La première fois que j’ai parlé de Simon Bertrand dans ces pages, c’était en 2001; il revenait d’un long séjour au Japon et découvrait les difficultés associées au métier de compositeur de musique de concert au Québec. À l’époque, il devenait le premier compositeur en résidence à la Chapelle historique du Bon-Pasteur (c’est aujourd’hui Cléo Palacio-Quintin qui occupe ce poste) et multipliait les créations. "Comme me le disait George Nicholson, il y a deux étapes dans la vie d’un compositeur québécois: il faut d’abord exister, et ensuite il faut durer… À cette époque, je cherchais à "exister", à faire mes preuves, mais c’est très difficile pour nous tous d’obtenir une certaine reconnaissance au-delà de la flavor of the month… Je ne sais pas si je suis toujours un jeune compositeur – je viens d’avoir 40 ans -, mais j’en suis maintenant à essayer de "durer"!"

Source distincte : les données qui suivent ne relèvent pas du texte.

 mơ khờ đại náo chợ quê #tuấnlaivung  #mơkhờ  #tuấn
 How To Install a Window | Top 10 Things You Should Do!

Après la création de son opéra Prochain Départ, en 2006, Simon quittait effectivement le Québec, cette fois-ci pour le Danemark. "Je comptais y séjourner deux mois, j’y suis resté un an et demi! J’y ai travaillé avec Per Nørgård et je me suis mis à la musique de film. J’ai pu composer deux musiques pour des films de la compagnie de production de Lars von Trier, Zentropa, et ça a beaucoup ouvert mes propres horizons au regard de mes capacités à élargir ma palette." Au retour de ce séjour, il s’embarquait dans la délégation canadienne pilotée par la SMCQ pour le grand concours international de composition de l’exposition de Shangai (c’est Denis Gougeon qui a remporté la représentation canadienne – son oeuvre sera créée à Shangai le 3 mai prochain). Au retour de ce nouveau périple asiatique, il se désolait dans une lettre ouverte du peu d’intérêt suscité chez nous par cette aventure importante pour plusieurs compositeurs d’ici (voir le blogue de la SMCQ: smcqshanghai.wordpress.com). "Ça m’a donné envie d’écrire pour orchestre, et ça, au Québec, c’est encore une autre croisade! Je voudrais essayer de refaire la connexion, qui semble bien s’être brisée, entre l’orchestre symphonique et les compositeurs vivants… Il faut trouver une façon de rétablir le contact."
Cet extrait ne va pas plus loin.